▶ [Dataset]:
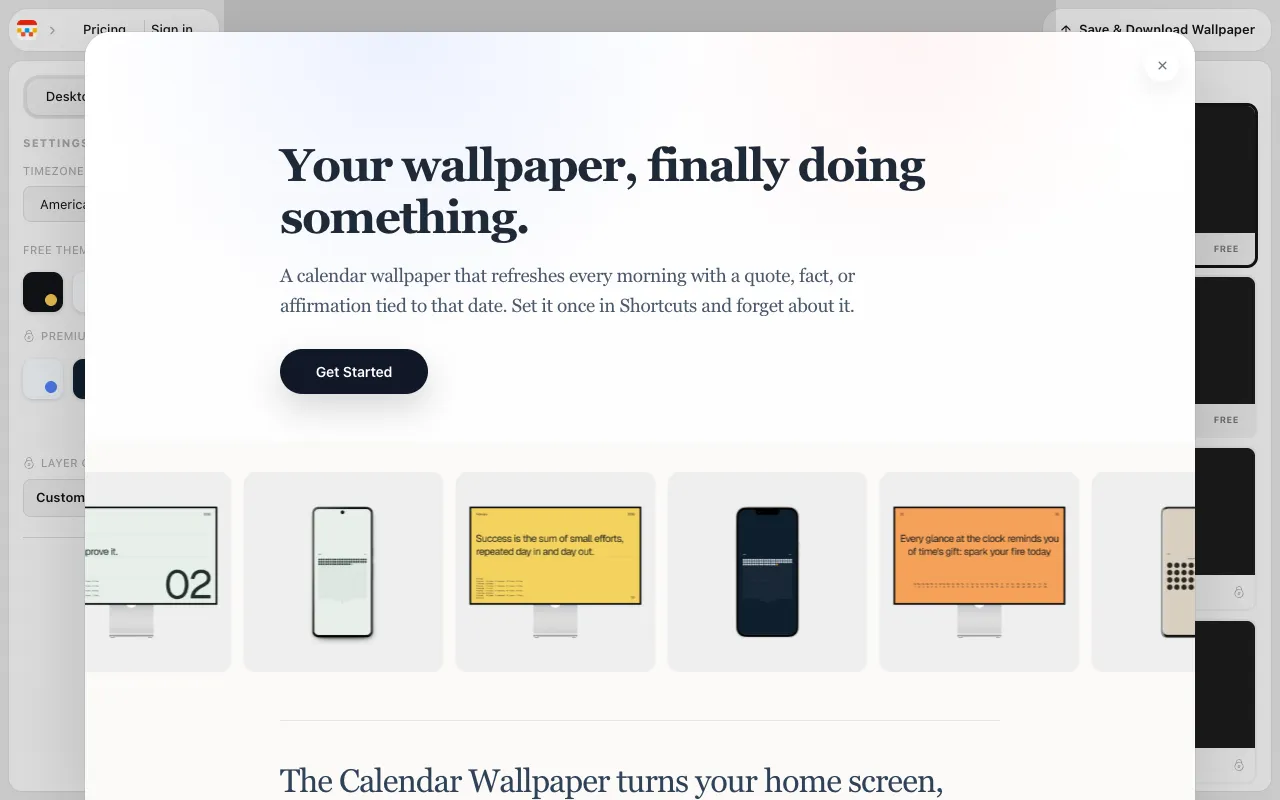 Preview of the The Calendar Wallpaper website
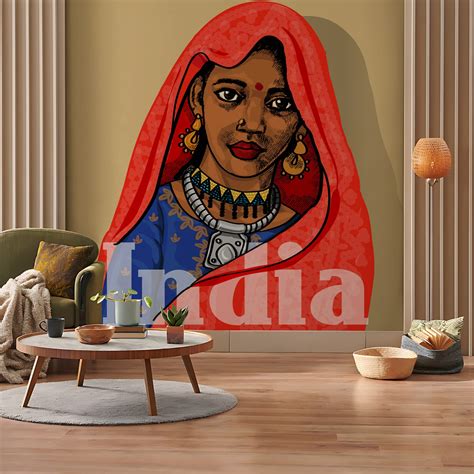 Retro Rajasthani Girl Wallpaper – Myindianthings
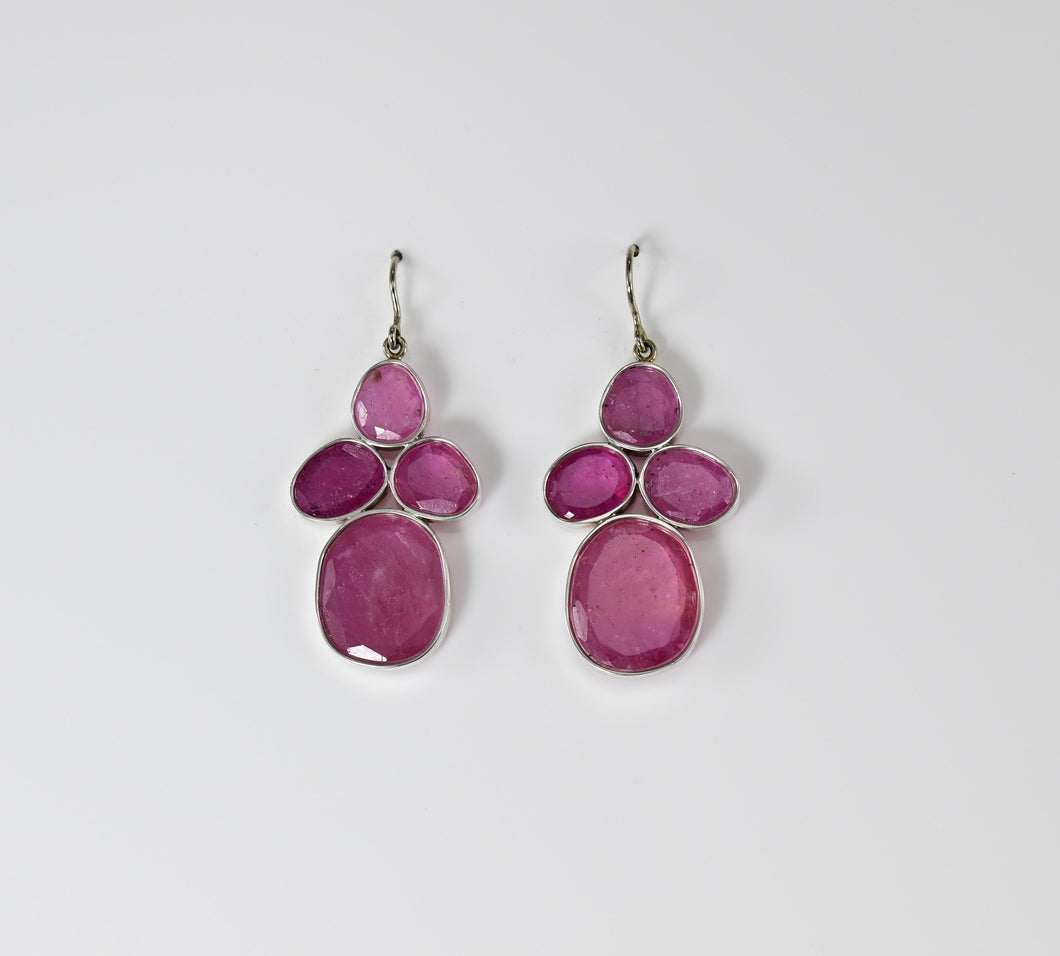 pink sapphires, sterling silver, 18k gold earwire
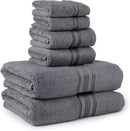 NOBLE HOUSE 6 PIECE TOWELS SET GRAY RING SPUN COTTON - GRAY - Like New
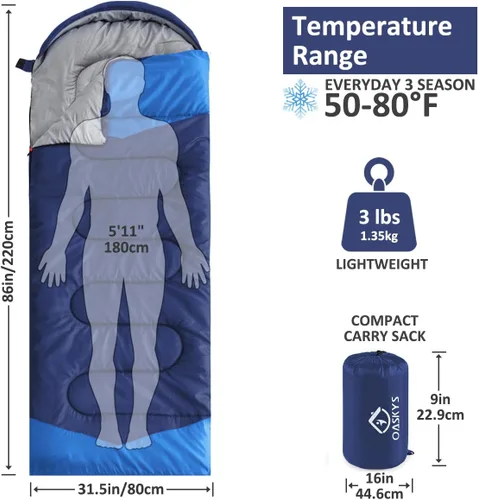Miniatura 2 de Oaskys - Saco de dormir para acampar, para 3 estaciones, clima cálido y fresco, verano, primavera, otoño, ligero, resistente al agua, para adultos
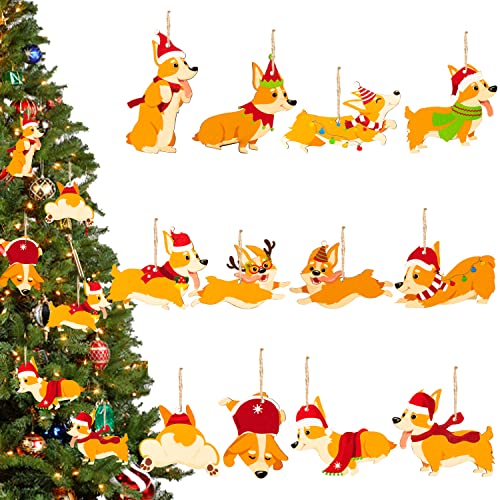 Haooryx 37Pcs Corgis Dog Tree Ornaments Puppy Wooden Hanging Slices Tags Cute Doggy Decorative Wood Pendants Personalized Dog Ornament For Valentine Tree Holiday Party Home Wood Decorations Supply #TOP23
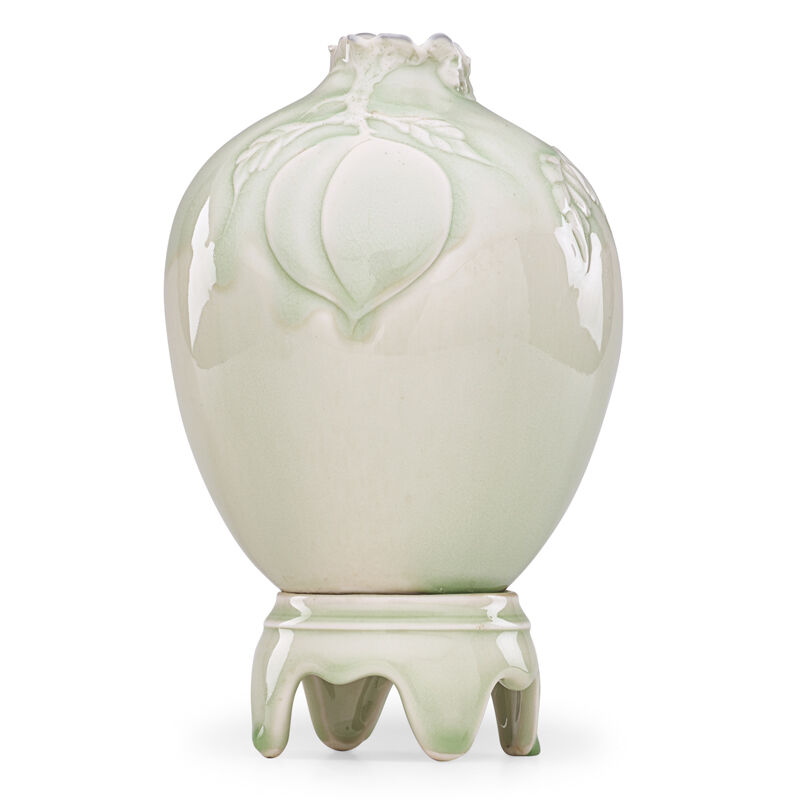 Cliff Lee, ‘Fine celadon vase with peaches on branch on stand, Stevens, PA’, 1989, Design/Decorative Art, Glazed porcelain, Rago/Wright/LAMA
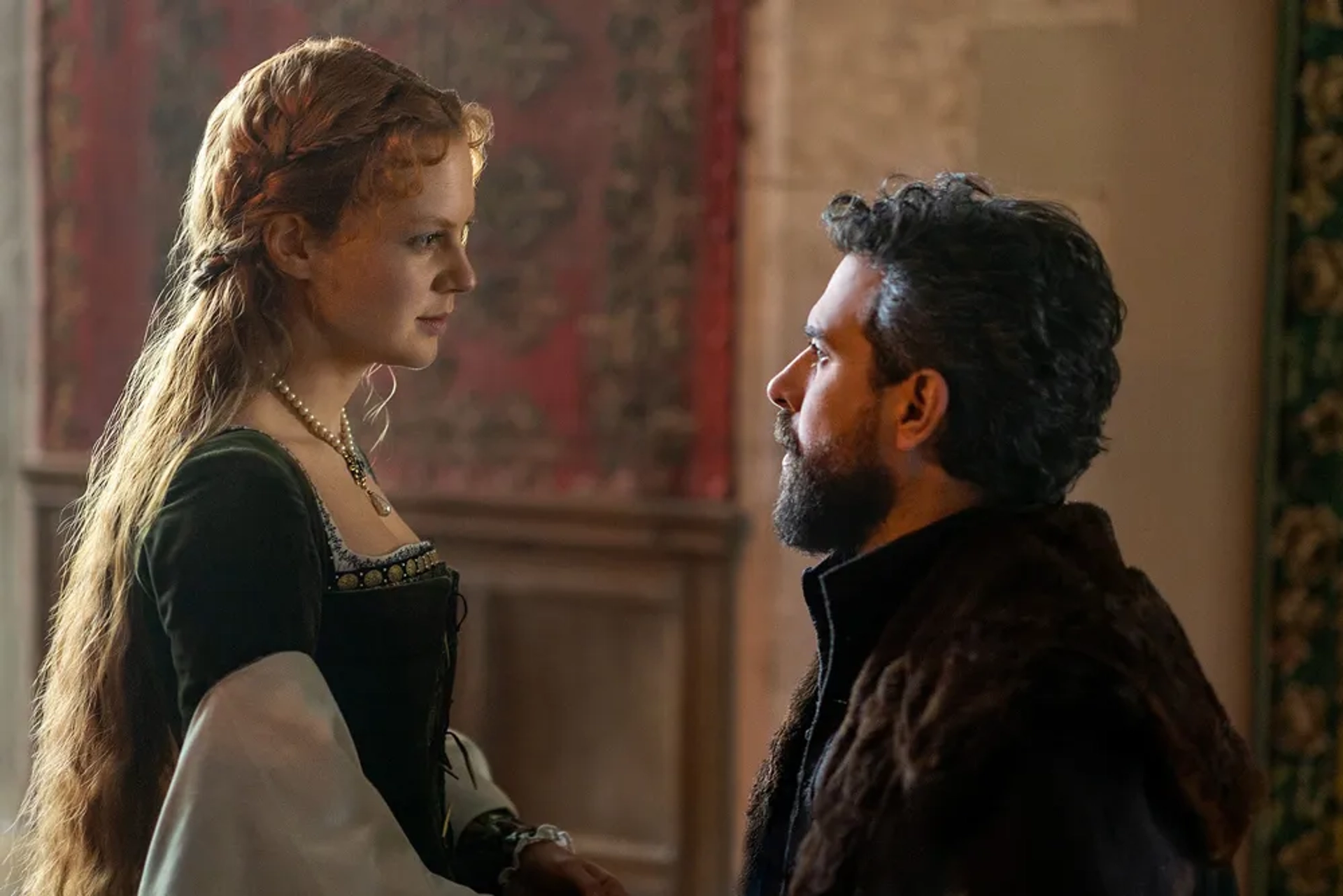 Alicia von Rittberg and Tom Cullen in Becoming Elizabeth (2022)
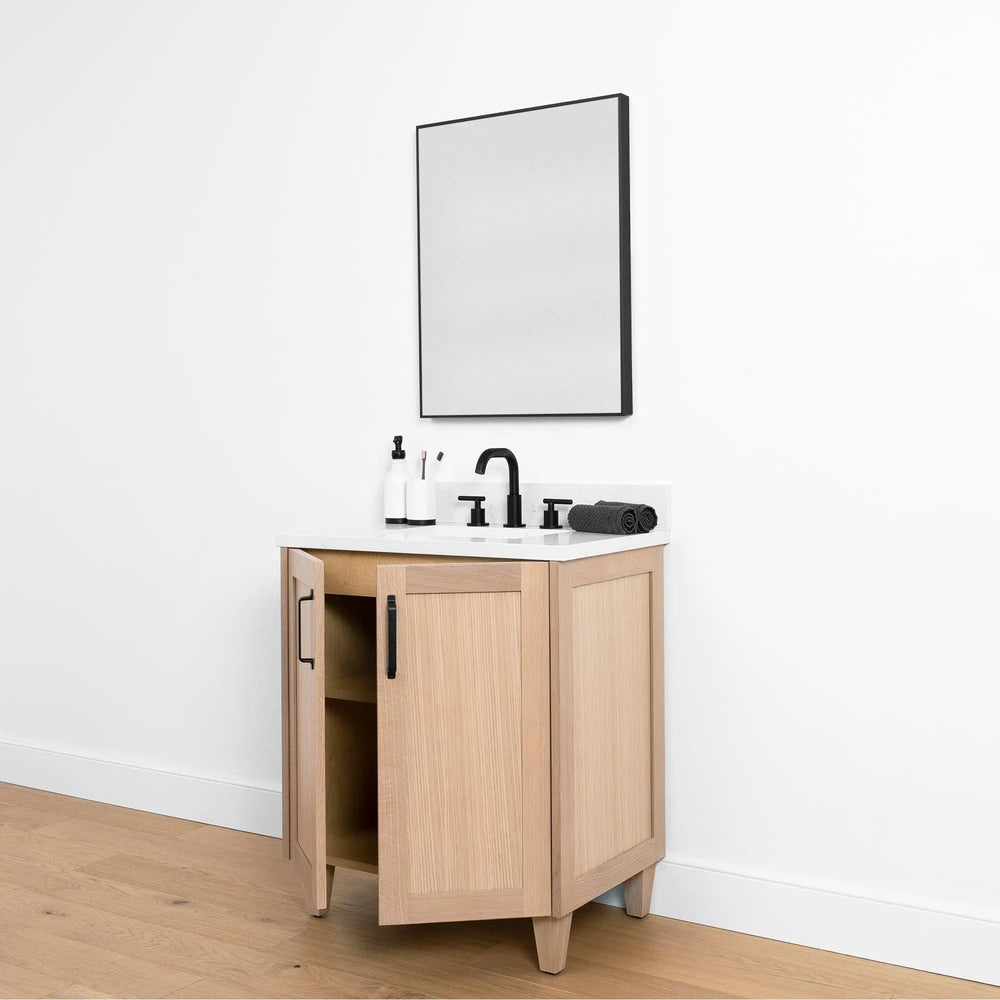 
                  
                    Bridgeport SLIM 30" White Oak Bathroom Vanity w/ Doors - Teodor Vanities United States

▶ [Instructions to follow]: Would you restate word for word each line from the one that holds "Miniatura 2 de" to the end of the material, both ends included, without the pictures?

▶ [Solution below]:
Miniatura 2 de Oaskys - Saco de dormir para acampar, para 3 estaciones, clima cálido y fresco, verano, primavera, otoño, ligero, resistente al agua, para adultos
 Haooryx 37Pcs Corgis Dog Tree Ornaments Puppy Wooden Hanging Slices Tags Cute Doggy Decorative Wood Pendants Personalized Dog Ornament For Valentine Tree Holiday Party Home Wood Decorations Supply #TOP23
 Cliff Lee, ‘Fine celadon vase with peaches on branch on stand, Stevens, PA’, 1989, Design/Decorative Art, Glazed porcelain, Rago/Wright/LAMA
 Alicia von Rittberg and Tom Cullen in Becoming Elizabeth (2022)
                  
                    Bridgeport SLIM 30" White Oak Bathroom Vanity w/ Doors - Teodor Vanities United States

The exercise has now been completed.